In Osaka, Japan, brothers Tatsuo and Ikuo are the creators of a strange and extraordinary stand-up comedy routine, a show that could be described as "real life porno comedy." Their gimmick is as follows: Tatsuo, who is tall, handsome, and very well-endowed, seduces girls, while his older brother, the short and unattractive Ikuo, secretly watches them and then writes routines about it. The brothers are inseparable.

The duo has no success with an audience—they can't get any laughs on stage. Only other comedians appreciate their crude routines. They can't get on television either, censored by the strict broadcast regulations. As their failure continues, even their parents, who manage a funeral home, demand that they "give up that comedy nonsense!" But the brothers are determined not to quit.
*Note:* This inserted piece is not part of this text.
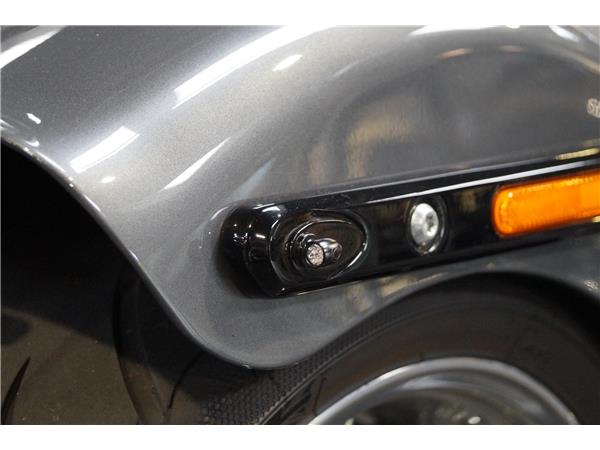 Harley-Davidson BREAKOUT 114 MILLER Auspuff mit ABE aus 1.Hand - 260´er Hinterrad FXBRS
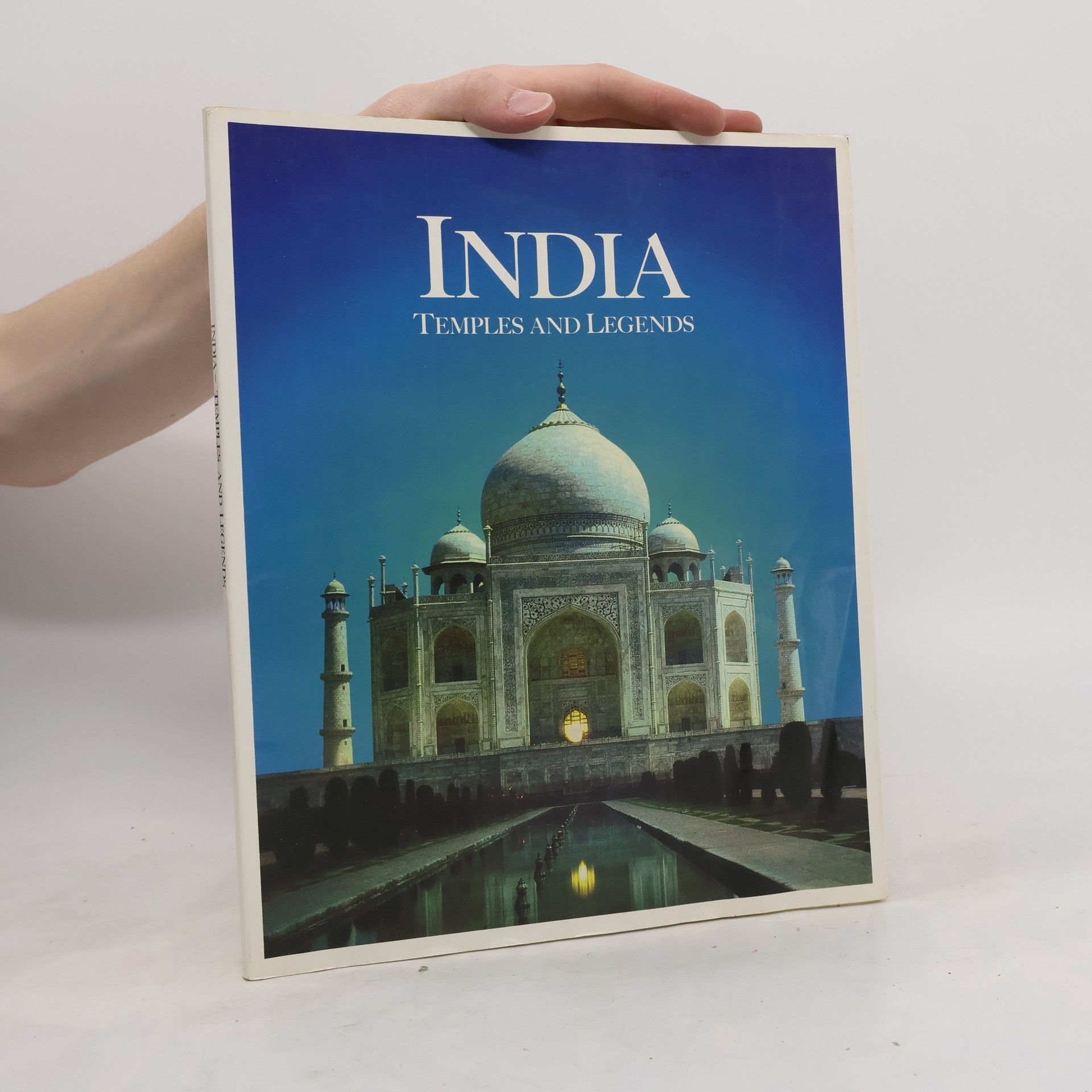 AA.VV. India. Temples and Legends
One day, out of the blue, the world of television beckons. They get a visit from Arisawa, a famous producer, who loves their X-rated routine and doesn't want them to change a single word. They are thrilled and eagerly prepare for their television debut. But when their act is aired, they are furious at what they see—all the gag lines have been censored with a "bleep" noise! It was all a scheme cooked up by Arisawa, both to avoid broadcast regulations and to promote "aural censorship" as a topic.

The brothers are angry with the "bleep" but ironically, they find that they've become an overnight sensation. With their new moniker, "The Bleep Brothers" grow enormously popular. However, fame has its price and a gap between Tatsuo and Ikuo grows. And at the peak of their quarrels, Tatsuo and Ikuo lose the inspiration for their routine: Tatsuo, the sex machine, becomes impotent! Desperate and without any material, the two face a packed house at a major comedy show . . . they have no choice but to ad lib, something they've never done before. And in their typically crude manner, they begin by talking about Tatsuo's sex life, and he impulsively blurts out that he had sex with Fumie, Ikuo's wife. The audience is at first silent with horror, but it is Fumie who breaks the tension with a laugh. The rest of the audience joins her in raucous laughter—Tatsuo and Ikuo are a hit and the problems between them are reconciled.

THE BLEEP BROTHERS, a satire about censorship invading our life, is also a tragi-comedy between brothers, trifled with "bleep" and destroyed by society, whose fates unfold in a storm of jealousy, love and hatred.